Modi Sets His “Made In India” Plan Loose On The Indian Military
India’s mindbogglingly complex defence procurement system, tilted against local industry, has been only superficially reformed.
As part of Indian Prime Minister Narendra Modi’s ‘self-reliant India’ policy, Defence Minister Rajnath Singh issued a list of 101 defence items in August with different timelines beyond which their import will be banned, with a second list soon to follow. From December 2020, the armed forces will not be able to purchase some 69 types of foreign-sourced military goods, including many major weapons systems and platforms: ship-borne cruise missiles, diesel submarines, missile destroyers, light combat aircraft and helicopters.
Most of these are already produced in India under licence, so the government is confident the ban will force the Indian defence industry to achieve self-sufficiency within a decade. Because imports will not be allowed for any reason, the military will be compelled to become stakeholders in indigenous programs. However, there has been minor pushback, with immediate purchases from abroad being approved to fill ‘voids’ in the war wastage reserve and the war stock just in case hostilities flare up with China in Ladakh.
Singh promised contracts worth US$54 billion to the Indian defence industry, but instead spawned scepticism because this figure includes funding for procurements that are already underway. The reality is that the Indian government has awarded US$34 billion of contracts to foreign arms suppliers, far exceeding the US$20.25 billion for Indian companies. Since defence budgets are written annually, there is no hint of long-term government funding for particular programs.

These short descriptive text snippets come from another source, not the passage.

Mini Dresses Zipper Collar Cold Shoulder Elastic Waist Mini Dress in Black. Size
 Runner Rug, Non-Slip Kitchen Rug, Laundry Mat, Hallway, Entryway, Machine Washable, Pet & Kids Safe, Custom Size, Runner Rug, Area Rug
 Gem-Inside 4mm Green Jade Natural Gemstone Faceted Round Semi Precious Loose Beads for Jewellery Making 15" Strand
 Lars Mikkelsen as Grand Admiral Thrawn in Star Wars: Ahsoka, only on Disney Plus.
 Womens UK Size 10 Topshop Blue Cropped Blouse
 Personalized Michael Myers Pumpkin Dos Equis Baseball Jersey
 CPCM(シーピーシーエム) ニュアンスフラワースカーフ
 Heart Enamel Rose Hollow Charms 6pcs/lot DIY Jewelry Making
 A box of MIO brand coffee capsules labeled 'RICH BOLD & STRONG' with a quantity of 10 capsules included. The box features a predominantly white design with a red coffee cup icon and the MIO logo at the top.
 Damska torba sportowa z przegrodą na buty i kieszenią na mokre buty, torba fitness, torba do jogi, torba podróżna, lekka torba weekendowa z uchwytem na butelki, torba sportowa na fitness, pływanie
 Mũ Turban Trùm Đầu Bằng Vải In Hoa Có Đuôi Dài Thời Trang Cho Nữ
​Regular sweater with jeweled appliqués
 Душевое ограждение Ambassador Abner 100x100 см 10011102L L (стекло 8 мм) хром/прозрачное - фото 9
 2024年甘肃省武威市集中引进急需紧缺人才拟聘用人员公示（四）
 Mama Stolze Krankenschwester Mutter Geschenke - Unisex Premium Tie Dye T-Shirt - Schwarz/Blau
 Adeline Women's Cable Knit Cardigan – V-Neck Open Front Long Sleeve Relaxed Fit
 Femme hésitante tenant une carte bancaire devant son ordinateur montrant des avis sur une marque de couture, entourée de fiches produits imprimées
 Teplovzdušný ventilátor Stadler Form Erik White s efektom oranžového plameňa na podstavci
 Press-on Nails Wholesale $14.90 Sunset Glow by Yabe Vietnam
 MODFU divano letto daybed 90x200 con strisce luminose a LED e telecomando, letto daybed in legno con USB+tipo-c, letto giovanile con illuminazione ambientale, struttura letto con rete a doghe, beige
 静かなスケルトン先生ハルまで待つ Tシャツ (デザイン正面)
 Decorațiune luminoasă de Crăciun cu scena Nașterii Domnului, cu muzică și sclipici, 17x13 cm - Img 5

There are also more fundamental problems with the plan. It is ironic that a country more-or-less capable of making its own strategic armaments — nuclear warheads, long-distance missiles and ballistic missile submarines — is unable to produce conventional weapons. Because strategic weaponry is not available at some arms bazaar, these were developed in-country under a special dispensation — the ‘technology mission’ mode — directly under the Prime Minister. This precluded the procedural hassles, niggling financial oversight and bureaucratic foot-dragging usually faced by conventional weapons development projects. The arms self-reliance policy will be boosted if all indigenous conventional weapons projects too are developed under a similar regime.
India’s mindbogglingly complex defence procurement system, tilted against local industry, has been only superficially reformed. The latest version of the Defence Procurement Procedure defines a hierarchy topped by indigenously designed, developed and manufactured (IDDM) items. Next are items satisfying the ‘Make in India’ (MII) initiative, which includes equipment reproduced by foreign companies from their international product lines — Lockheed Martin’s F-16 fighter aircraft, for example, which will be sold as the new F-21.
IDDM items must include at least 60 per cent Indian content (whether by weight or value is unclear), with the same requirements applying to spares, special tools and test equipment. The MII category allows foreign firms to get away with only 40 per cent, skewing the competition cost wise in their favour. This pushes the armed services towards the MII option, involving munitions that are proven but that quickly become obsolete.
This process is complicated by the lack of procedures to assess the use of local content in either category — the defence force will have to take foreign firms at their word, which isn’t always reliable. In this case, kicking the crutch of foreign weaponry from underneath the armed services will not advance the cause of a ‘self-reliant India’ without first removing the anomalies in the procurement procedures.
The military has a habit of finding anything imported acceptable and anything Indian-made suspect. The travails of the Indian-designed and developed 4.5 generation, near all-composite Tejas light combat aircraft are well known. The Indian Air Force (IAF) contributed little to the project other than frequently changing the Air Staff Qualitative Requirements, imposing delays in the prototype and certification stages and, when the aircraft rolled out, claiming it was technologically dated. The IAF was finally pressured into buying a squadron’s worth of Tejas, and, with the push for indigenisation, will soon order an additional 83.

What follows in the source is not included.